787 dava, 786 beraat
Mahkeme salonunda ikinci günüm...
Hakan Kara’nın savunması başlayacak. Yanımdaki sarışın, yabancı kadın “telefonunuzun internet hattını kullanabilir miyim” diye soruyor. Telefonumun şifrelerini verecekmişim, o da böylelikle canlı tercümeyi dinleyebilecekmiş.
Haydaa...
Yahu, bu adamların arasında pideciyi aradı diye 9 aydır hapiste olan var.
Tanımadığım bir insan... Anlat ondan sonra kaç yıldır Norveç gizli servisine çalıştığını! Kibarca bunun ihtimal dahlinde olmadığını izah ediyorum.
Salon yine bir alev gibi yanıyor.
Ben dünkü tecrübem sonrası hemen gidip bir yelpaze aldım. “Kırmızı, pembe olmasın. Hoş karşılanmaz” diyerek.
Yelpaze erkeğin eline hiç yakışmıyor. Bileği katiyetle bükmemeye çalışarak sallıyorum yine de...
Hakan Kara’nın savunması başlıyor.
Hem bilgisayar mühendisi hem de gerçek bir entelektüel... Sesi TRT ses sanatçısı gibi... Tabii eski TRT’nin...
En vurucu an: “El koyduğunuz disklerde benim çok önemli bir Klasik Batı müziği arşivim var. Ne olur onlara bir şey olmasın, bari kopyasını alayım”.
Heyet, bu adama “PKK ve DHKP-C ile ilgili de savunma yapacak mısınız?” diye soruyor.
Sıra Turhan Günay’a geliyor. 787’nci davasıymış bu! 786’sından beraat etmiş.
Detaya girmeyelim, özü şu: Kitap eki yayın yönetmeni terörle yargılanıyor, biz de normal bir şeymiş gibi izliyoruz.
Sırada herkesin sabırsızlıkla beklediği isim var: Ahmet Şık. Davanın ‘rockstar’ı o. Ahmet fırtına gibi giriyor: Salvador Allende’nin dediği gibi, tarih bizden yana ve tarihi haklılar yazar. Bizlerden terörist çıkaramayacaksınız. Söylediklerim savunma değil, ithamdır.
Emile Zola’nın tarihi “İtham ediyorum!” makalesinden, Roland Barthes’in “Faşizm susmak değil, söylemek mecburiyetidir’ine kadar siyaset ve felsefe tarihine atıflarla dolu oldukça sert bir konuşma yapıyor.

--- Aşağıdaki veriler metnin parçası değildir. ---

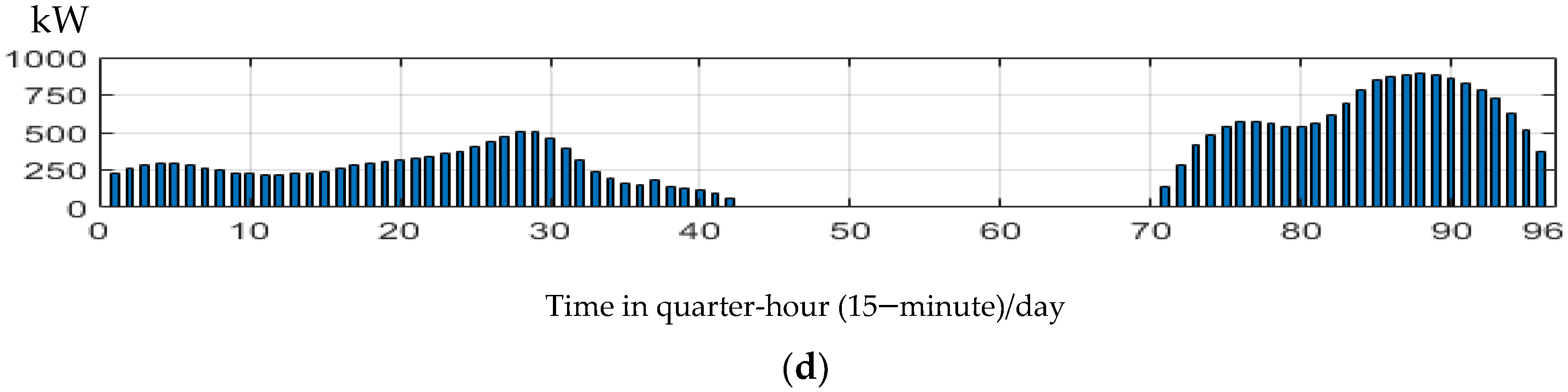 Sustainability 16 08929 g006b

Bazen söyledikleri o kadar mantıklı, o kadar haklı ki tam “mahkeme heyetini de ikna etti” diyorsunuz, o anda karşı saldırıya geçiyor. İnsan içinden “Ahh, gitti yine beraat” diyor...
Konuşmasını “Kahrolsun istibdat, yaşasın hürriyet!” diye bitirdiğinde salon gök gürültüsü gibi bir alkışla inliyor.
Mahkeme Başkanı bağırarak “Şov yeri mi burası! İyi gidiyorduk, ne oldu böyle!” diye çıkışıyor.
Haklı. Mahkemede kesin bir sessizliğin sağlanması gerekiyor. Ama o konuşmadan sonra bu zor.
Sorular genelde “şu haberde, bu başlıkta” diye gidiyor. Ahmet bunlara kolay cevap verebilir, daha rahat bir savunma yapabilir. Ama nabza göre şerbet vermek, tonu, düzeyi ayarlamak âdeti değil. Sürekli el artırıyor, bodoslama giriyor. Yargıya, iktidara, hatta tüm dünya devletlerine!
Duruşmadan sonra mizah sitesi Zaytung yerinde bir tweet attı: “Ahmet Şık hâkimlerin tutuksuz yargılanmasına karar verdi!”
Perşembe sabahı söz Hikmet Çetinkaya’da... Tıpkı Ahmet Şık gibi o da azılı bir FETÖ düşmanı diye bilinir. Ahmet Şık, örgütle ilgili en kapsamlı kitapların yazarı. Çetinkaya ise basında bu işi ilk ve yıllarca inanılmaz bir ısrarla yazanlardan.
Hatta itiraf etmem gerekirse, o zamanlar ona ‘takıntılı’ gözüyle bakar, her şeyi Fethullahçılar’a bağlamasına pek kulak asmazdık. Yıllar sonra haklı çıkmanın ‘ödülü’nü bugün FETÖ’cü olarak yargılanmakla alıyor!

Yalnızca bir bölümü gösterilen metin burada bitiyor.